---- RECORDS SUPPLIED

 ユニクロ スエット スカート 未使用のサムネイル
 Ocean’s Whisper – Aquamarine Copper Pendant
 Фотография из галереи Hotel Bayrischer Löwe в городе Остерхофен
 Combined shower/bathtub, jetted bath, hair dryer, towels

--------
---- RECORDS SUPPLIED

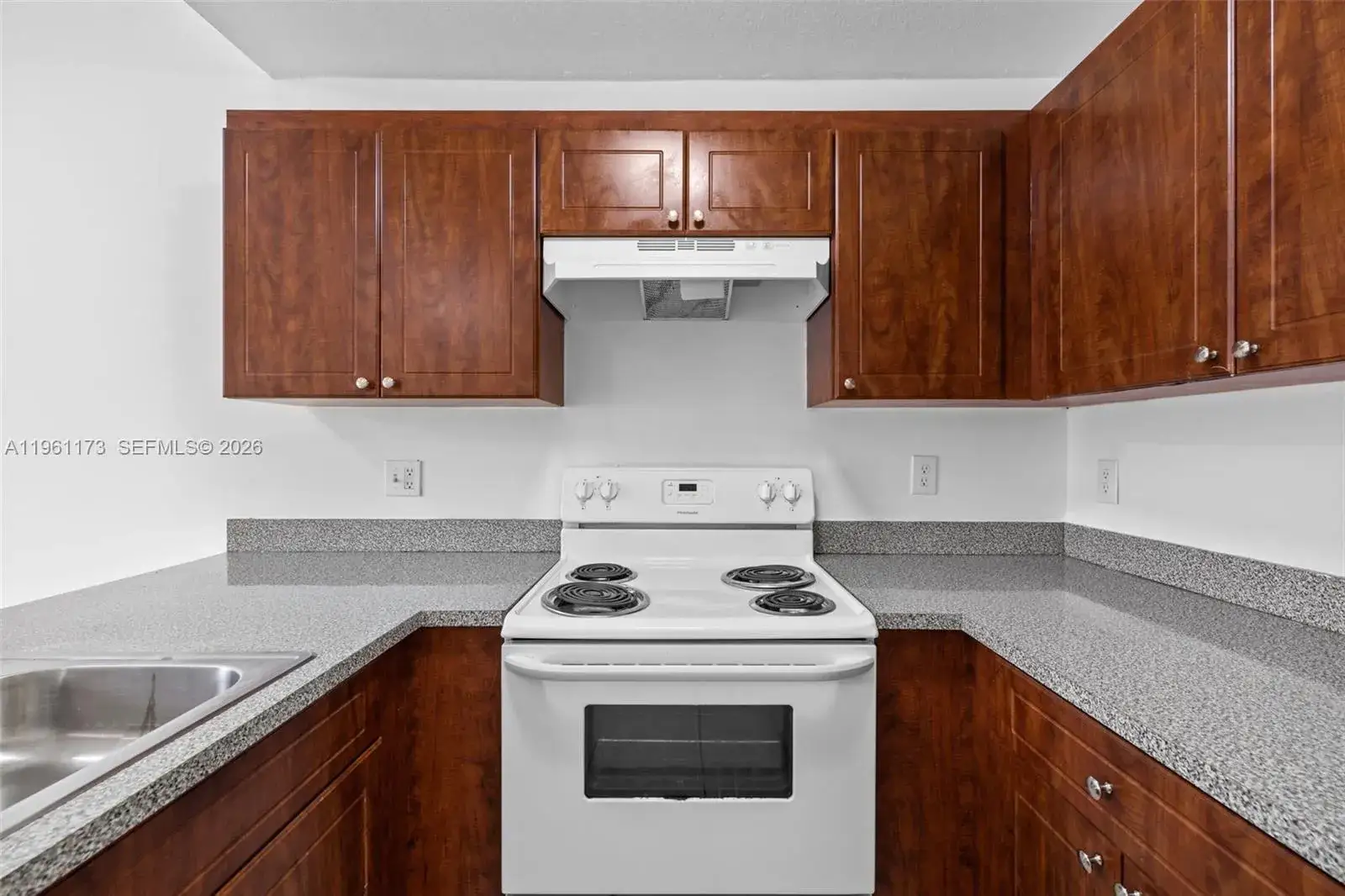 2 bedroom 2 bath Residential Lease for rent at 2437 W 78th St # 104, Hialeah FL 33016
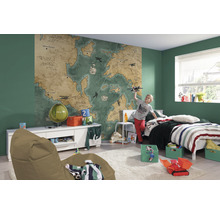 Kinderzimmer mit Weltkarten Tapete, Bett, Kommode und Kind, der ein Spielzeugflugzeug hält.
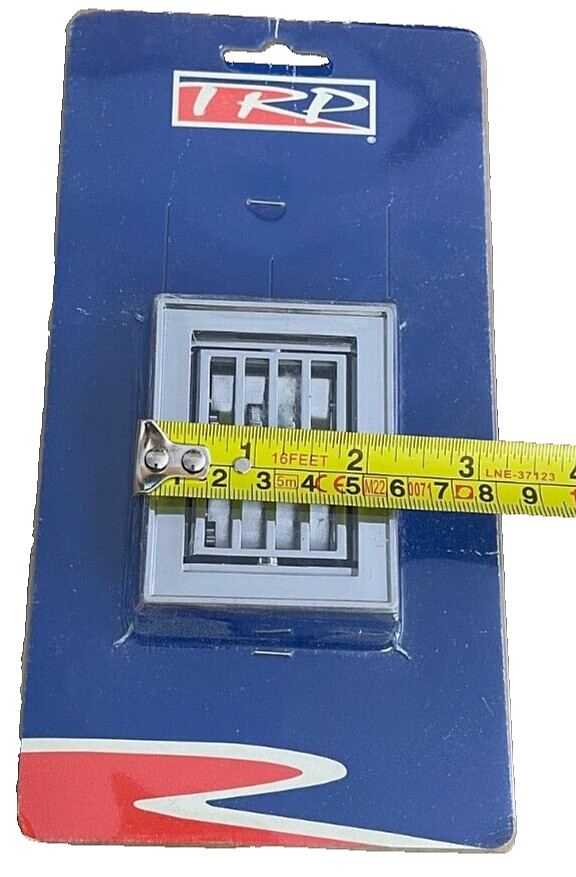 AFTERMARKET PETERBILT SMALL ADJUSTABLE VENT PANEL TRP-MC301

--------

*WHAT YOU HAVE TO DO*:
Skipping the pictures, print the lines in the listing above exactly as written, starting at the line with "2 bedroom 2" and ending at the line with "AFTERMARKET PETERBILT SMALL", both included.

*OUTPUT OF THE EXERCISE*:
 2 bedroom 2 bath Residential Lease for rent at 2437 W 78th St # 104, Hialeah FL 33016
 Kinderzimmer mit Weltkarten Tapete, Bett, Kommode und Kind, der ein Spielzeugflugzeug hält.
 AFTERMARKET PETERBILT SMALL ADJUSTABLE VENT PANEL TRP-MC301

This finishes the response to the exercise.